Mas além de funcionar como princípio a presunção de inocência também é regra probatória, de julgamento e de tratamento. Em resumo, as duas primeiras estão ligadas à necessidade de uma produção probatória em contraditório apta a sustentar uma condenação e, caso essa mesma atividade probatória não atinja um patamar mínimo, a absolvição se impõe.

Já a regra de tratamento diz respeito justamente à forma como o acusado deve ser tratando durante o curso do processo, impedindo, sobretudo, antecipações de pena que dependem de um juízo de culpabilidade em sentido lato.

O segundo argumento que merece ser destacado diz respeito ao que chamarei aqui da resolutividade da matéria de fato após o julgamento em segundo grau.

Bem, mas até onde vão as questões de fato e as de direito? É possível separar questões de fato e de direito de modo tão nítido a ponto de se poder afirmar que todas as questões de fato estariam resolvidas após o julgamento em segunda instância?

A epistemologia jurídica, tomada aqui como a necessidade de se justificar as proposições sobre questões de fato apresentadas em um processo judicial [2], já tem nos mostrado que fundamentar as questões de fato pode ser tão complexo quanto as questões normativas.

E aqui surge um tema caro à presunção de inocência, mas que sequer é perpassado perante o Supremo Tribunal Federal, que diz respeito aos critérios de suficiência para que uma proposição fática possa ser tomada como verdadeira e, consequentemente, utilizada para justificar uma decisão condenatória. Não poderia um Tribunal Superior analisar a racionalidade e a suficiência do conjunto probatório a partir de uma compreensão dogmática da presunção de inocência?

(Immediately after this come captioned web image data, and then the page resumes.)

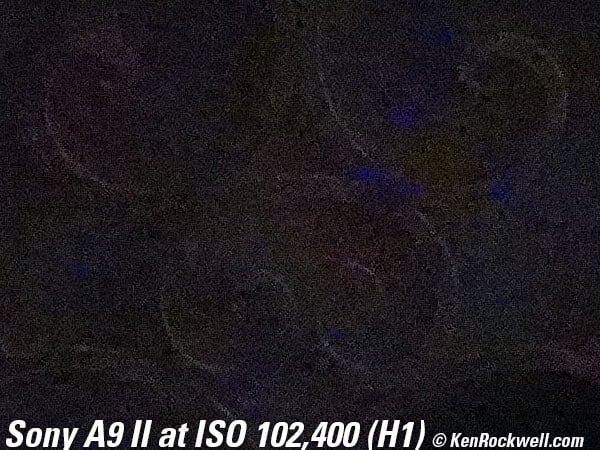 Sony A9 II High ISO Sample Image File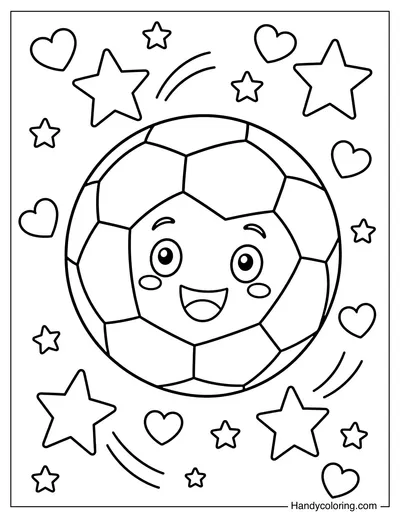 Smiling Soccer Ball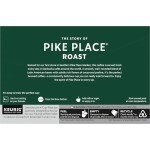 Starbucks K-Cup Coffee Pods, Medium Roast Coffee, Pike Place Roast For Keurig Coffee Makers, 100% Arabica, 1 Box (10 Pods)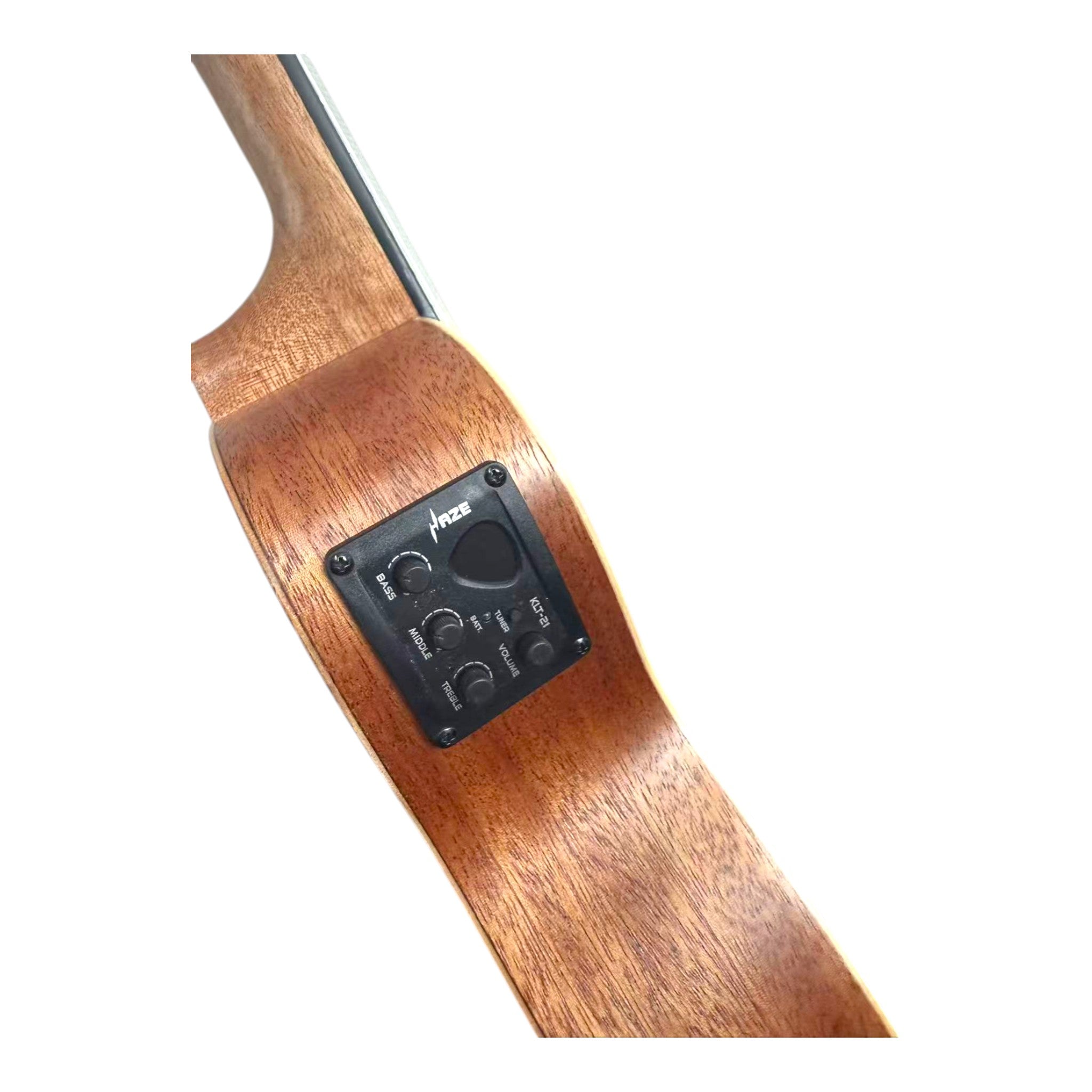 (PREORDER: ETA MID-MARCH 2026) Haze UK120 Spruce Top Acoustic-Electric 26" Tenor Ukulele in Natural Matte - UK12026EQ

Essas não são as únicas questões que colocam o argumento em xeque, é preciso dizer. Basta lembrar que a correlação entre a acusação e a sentença ou mesmo o sistema de nulidades de uma forma ampla já tornam bastante duvidosa essa separação entre fatos de um lado e direito do outro.

Não pretendi, pelo menos do ponto de vista metodológico, justificar nesse ensaio uma posição contrária à execução imediata da pena após a condenação em segunda instância.

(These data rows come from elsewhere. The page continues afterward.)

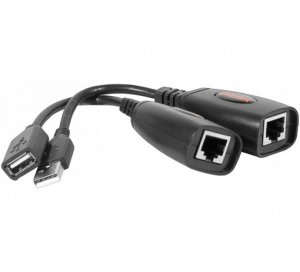 CUC Exertis Connect 149243 cable gender changer USB A RJ-45 Black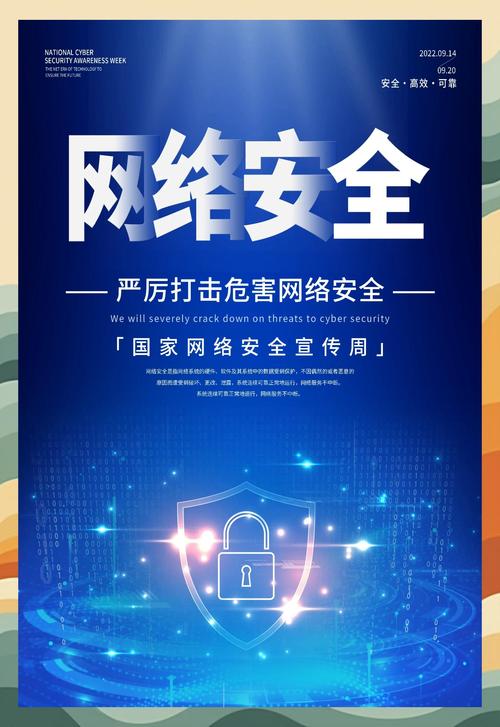 网络安全创意海报-图2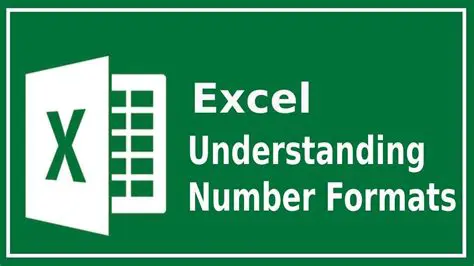 Understanding Number Formats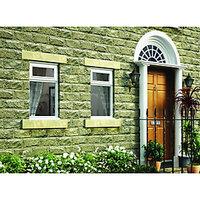 wickes timber b rated casement window white 1045x910mm top hung vent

O foco foi, na verdade, deixar assentado o vazio dogmático que permeia as discussões em torno da presunção de inocência no Supremo Tribunal Federal. Considerando os rumos que o debate institucional perante a corte vem tomando resta pouco provável que esse vazio comece a ser preenchido em um futuro próximo.

Adriano Antunes Damasceno é Doutorando em Direito pela FND-UFRJ. Mestre em direito e instituições do sistema de justiça pela UFMA. Professor da UNDB/MA. Defensor Público (DPE-MA).


[1] FERRER BELTRÁN. Jordi. Una concepción minimalista y garantista de lapresunción de inocência. In: Revista de la maestria enderechoprocesal. vol. 4, n.1, 2010.

[2] MATIDA, Janaina; HERDY, Rachel . As inferências probatórias: compromissos epistêmicos, normativos e interpretativos. In: José Ricardo Cunha. (Org.). Epistemologias críticas do direito. 1ed. Rio de Janeiro: Lumen Juris, 2016, v. 1, p. 209-250.